Legal Guide

Home > Legal Guide

5 Must Haves to Prove Medical Negligence

When getting medical care for an injury or illness does not go as planned, it is common for patients and their loved ones to consider their options for bringing a claim against the doctor, hospital, or medical staff. Receiving compensation through a legal claim against a medical professional or institution is not always a simple task, however, as it requires that certain aspects be present before, during, or after the failed or negligent treatment. For those who have experienced a situation where medical negligence may be at play, here are the five must-have factors necessary to prove a case.

The Doctor-Patient Relationship

Before a legal claim against a health care professional or organisation can be brought, a doctor-patient relationship must be in existence. This means that the doctor or other provider offered to deliver a diagnosis, care, or treatment of the patient who sought out the care. If there is no statement of the doctor-patient relationship in writing, often it is viewed that the patient’s visit to a doctor’s office as proof enough of the relationship. When a doctor-patient relationship is in existence, the doctor or other provider has a duty to provide competent care. In most medical negligence cases, showing evidence of the doctor-patient relationship is relatively simple to do.

Breach of Standard of Care

All patients who seek out care or treatment from a medical provider have the right to receive the highest quality care available. Under the law, doctors providing medical treatment are required to act with the skill and care that any equally-trained health care professional would have, given the circumstances, which is known as the standard of care. When medical negligence is present, that standard of care is breached.

A representative from a medical negligence solicitors firm in the UK explains that in today’s medical environment, the standard of care in a malpractice case is determined through the testimony of medical professionals who are thought to be experts in the field relating to the case. The medical experts state what the doctor in question should have done in the patient’s situation compared to what actually took place. A breach of the standard of care is proven when expert testimony shows that a patient’s provider failed to deliver care at a specific level.

Causation between Negligence and Injury or Illness

In addition to providing evidence of a doctor-patient relationship and a failed standard of care, individuals bringing a case for medical negligence must also be able to show the causation between the care provided and his or her specific illness or injuries. Failure to act or provide adequate care can cause a patient’s health condition at the time to worsen, or it may result in additional injuries or health issues that were not present prior to the negligent care. It is necessary to make clear that the poor care received by a health care provider was the reason for the added injury or illness – not a pre-existing medical condition.

Proof of Damages

Patients or their family members must also be able to show how the negligent care caused specific harm, known as damages. Each medical negligence case differs from the next, but generally speaking, damages may include the expenses associated with additional treatment, a loss of income due to not being able to continue working during that additional treatment, or mental and physical pain and suffering.
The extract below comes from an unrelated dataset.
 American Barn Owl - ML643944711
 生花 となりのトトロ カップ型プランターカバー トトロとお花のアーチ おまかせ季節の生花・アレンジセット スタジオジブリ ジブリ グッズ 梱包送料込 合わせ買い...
Damages awarded in a medical negligence case have to be quantifiable and evidence-based.

Meeting the Standard of Proof

Finally, any individual bringing a lawsuit against a medical professional or health care institution must be able to show evidence of the required elements listed above “by a preponderance of the evidence.” This means that the aspects of the case are more likely than not to be true, which is a lower standard of proof than other cases heard in criminal court. However, meeting the burden of proof required for medical negligence cases is not a simple or quick task, especially when the details of the case are complex or span a long period. To best understand if a medical negligence case is an option to receive compensation for injuries or illness due to less than quality care received, it is beneficial to first discuss the details of the incident with an experienced attorney.